Work_queue mechanism¶
A case is a work queue appears where it should be destroyed. The first step is to check if the work queue get canceled. When it’s certain, we can check the conditions of canceling the work queue and reason the issue.
Submit_bio_wait err¶
1 | [ 162.458257] brd_submit_bio: bv offset 2729 len 1367 sector size 512 |
This error is hard to solve because the offset and length of IOs are correct and no explicit errors show up. With the help of my manager, we found that the problem comes from the test script that uses ram devices as the block backend. After switching to SCSI disks, the kernel warning is gone since it no longer goes through that path.

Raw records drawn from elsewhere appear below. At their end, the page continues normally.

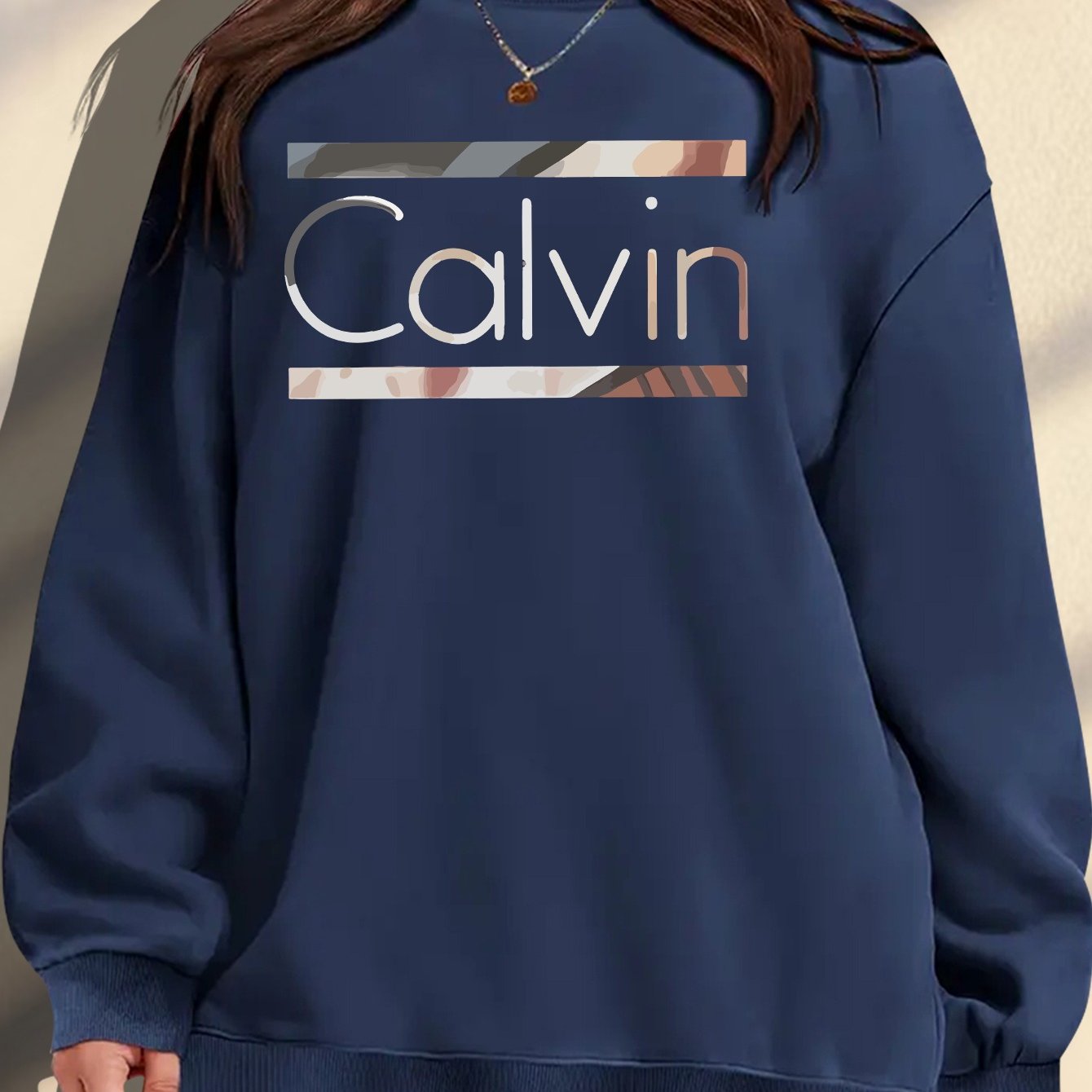 Plus Size Women's Crew Neck Sweatshirt Light Blue Relaxed Fit Knit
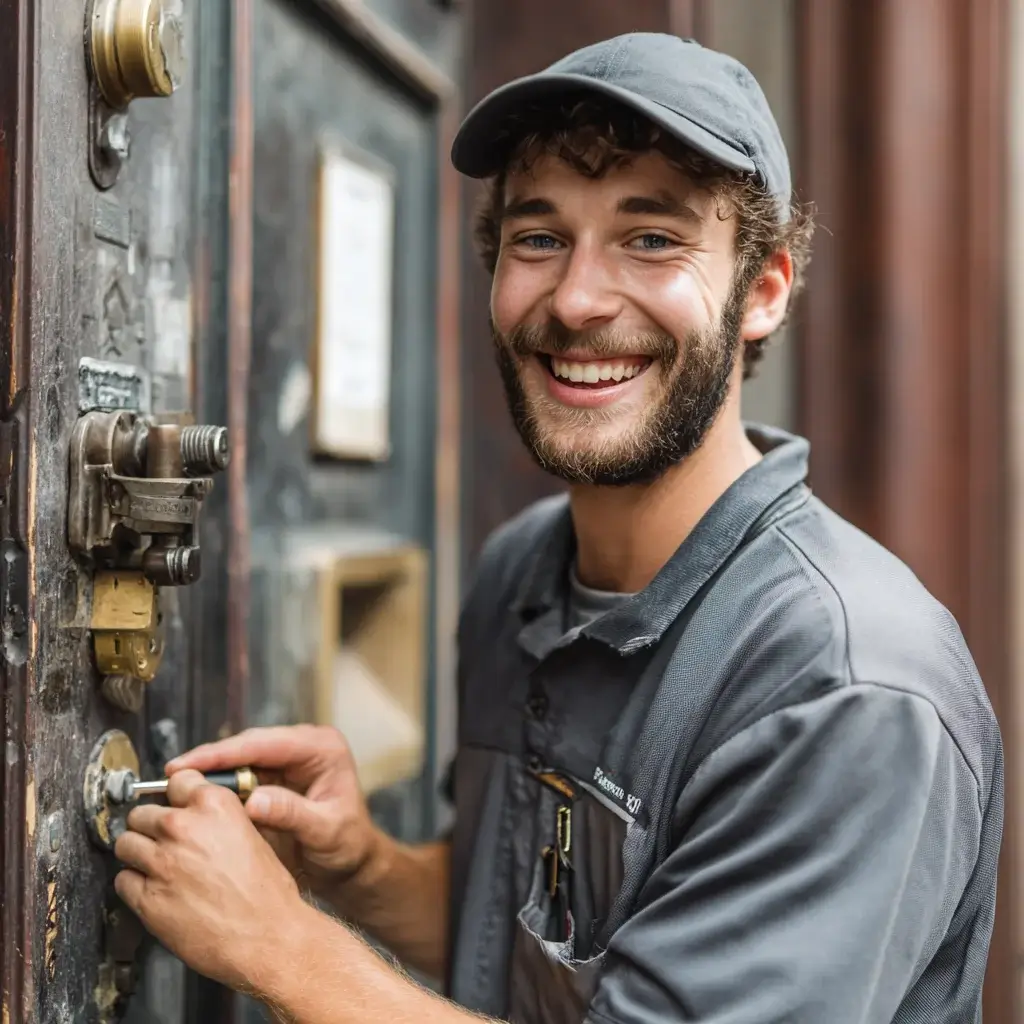 Serrurier souriant à Beausoleil réparant une serrure de porte avec son équipement 🔧🔑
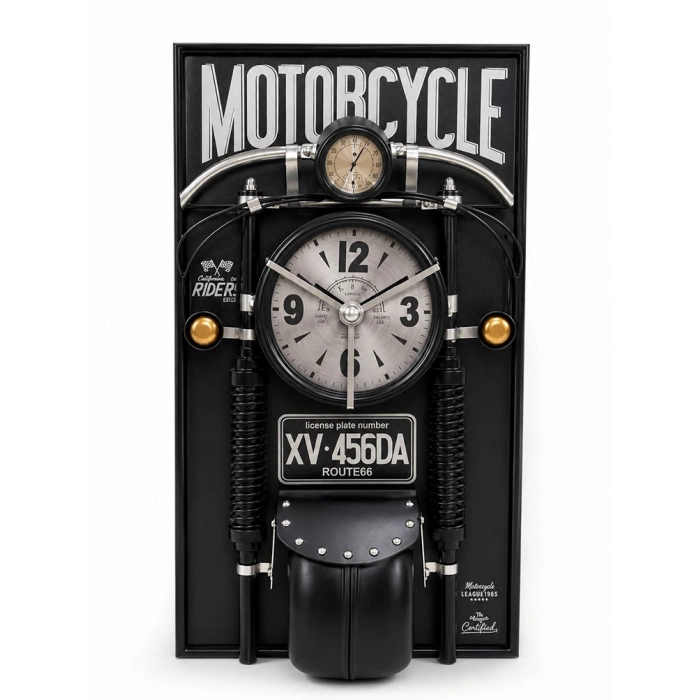Motosiklet Tasarımlı Metal Duvar Saati Alk5789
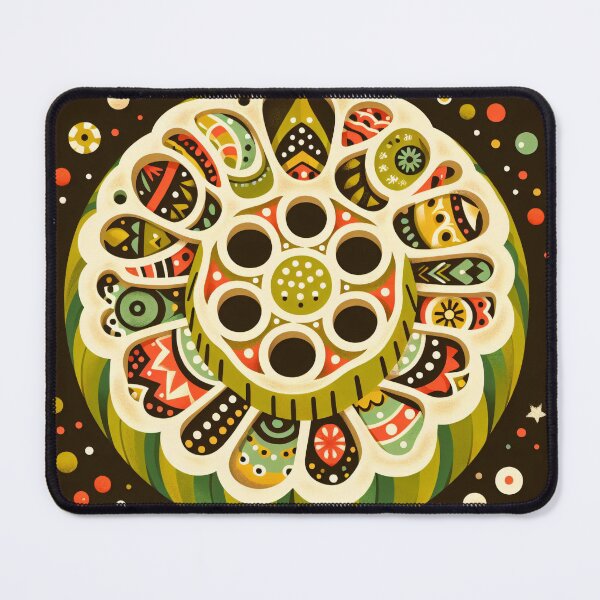 Item preview, Whimsical Lotus Seed Pod Illustration - Colourful Botanical Art yellow cream green by heidiannemorris designed and sold by FOLK ART FUSION by heidiannemorris.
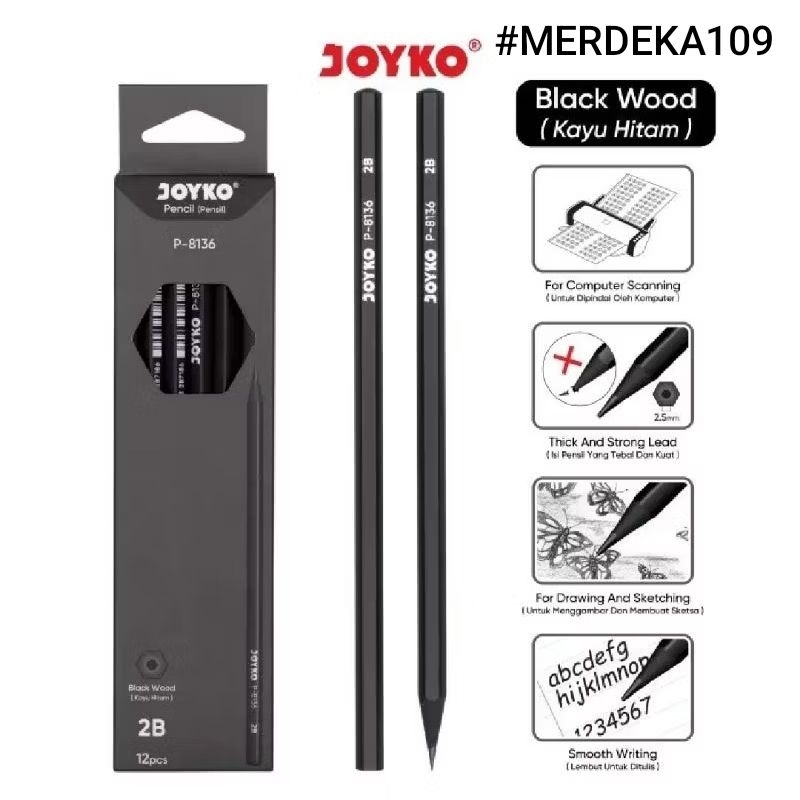 

Alat Tulis Pensil Joyko P-8136 2B isi 12 pcs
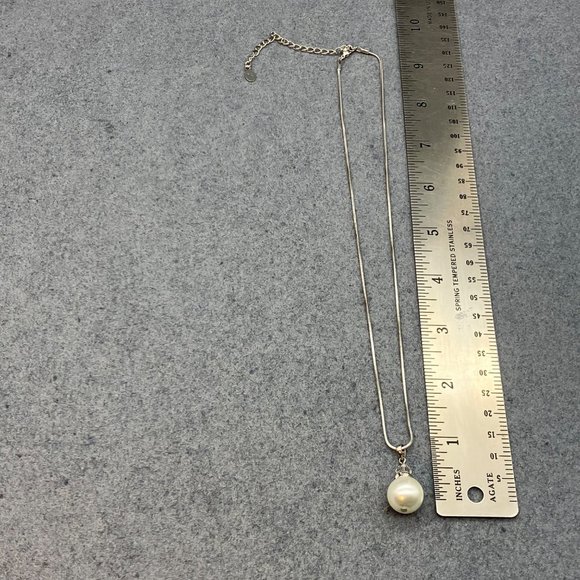 Charming Charlie Necklace Pearl Silver Slinky Chain Crystal Accent Granny Retro - Picture 6 of 8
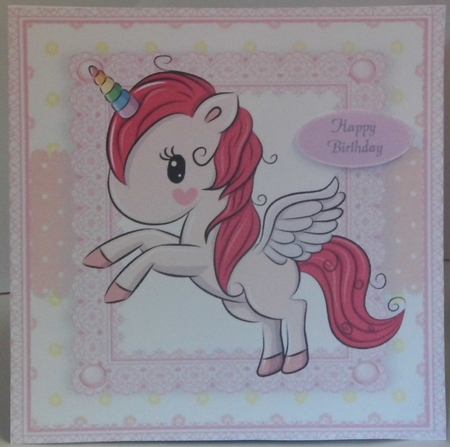 Adorable  Hot Pink Unicorn  In Pink Frame 8x8 by Hazel Underwood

We still need to find out how bio submission works for /dev/sda. It’s likely handled by QEMU virtio-blk or SCSI pass-through and submitted to the host kernel.
Reconnection timeout/crashes¶
The most difficult issue I’ve met during the debugging for md persistence is constant reconnection timeout which affects several tests. When one server has reconnection timeout and shortly crashes afterwards, it’s hard to track what’s going on exactly.
The first thing is to find the back traces in this very short time window right before the server crashes. There are several back traces but none of them seems to relate to the md persistence part. That is the case where only E is visible but B, C, an D are missing. I made few fixes to see if the back traces change only to get new back traces suggesting that the module outside incurs kernel warnings, which makes this issue even harder to reason. I had been going around in circles on that, running a few tests and getting no useful results.
It’s the time that I decided to apply binary search debugging. At first I left the md_sync part out and tested for the rest part which passed. Then I knew the issue must be inside the md_sync part but it’s still hundreds of the lines. The md_sync part can be divided into four parts. By commenting out each part and testing separately, I finally found which part and looked into that line by line.
Even though I was sure it’s the part p that results to the issue, it still looked far-fetched to drag connection from p to the issue. The back traces showed no information related to p and the logic of the p looked correct. Where could go wrong? After staring at the code for a long time, it occurred to me that the buffer pointer was changed and the wrong pointer was taken to free. Case closed.